→ **Exercise directions**:
What are the lines, word for word, from the line with "High Performance Stainless" up to and including the line with "LV/ダミエ/ネヴァーフルMM/N41358 N41358" in the records below? Omit the pictures.

→ **Entries shown**:
============

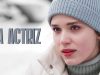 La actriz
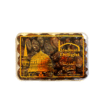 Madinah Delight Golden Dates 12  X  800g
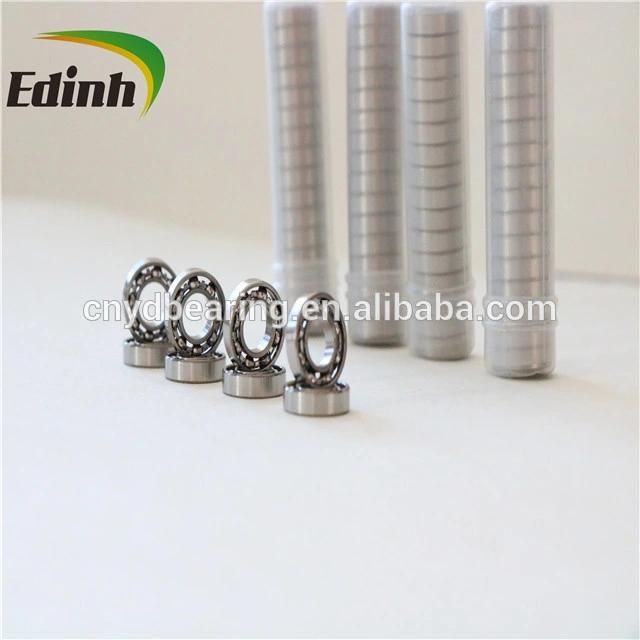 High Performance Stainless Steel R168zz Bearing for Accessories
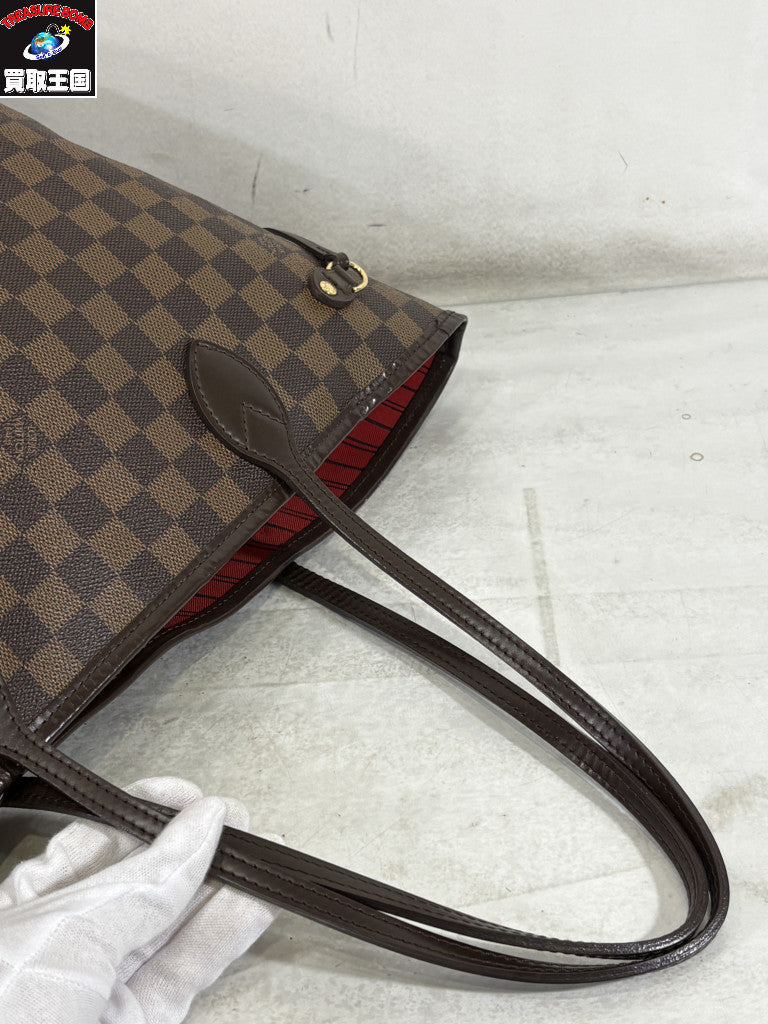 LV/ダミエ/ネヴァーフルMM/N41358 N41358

============

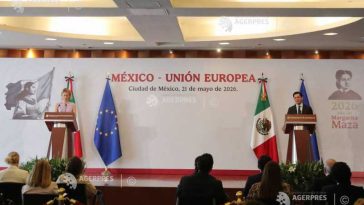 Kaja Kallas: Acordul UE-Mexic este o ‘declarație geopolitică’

============

→ **Written answer**:
 High Performance Stainless Steel R168zz Bearing for Accessories
 LV/ダミエ/ネヴァーフルMM/N41358 N41358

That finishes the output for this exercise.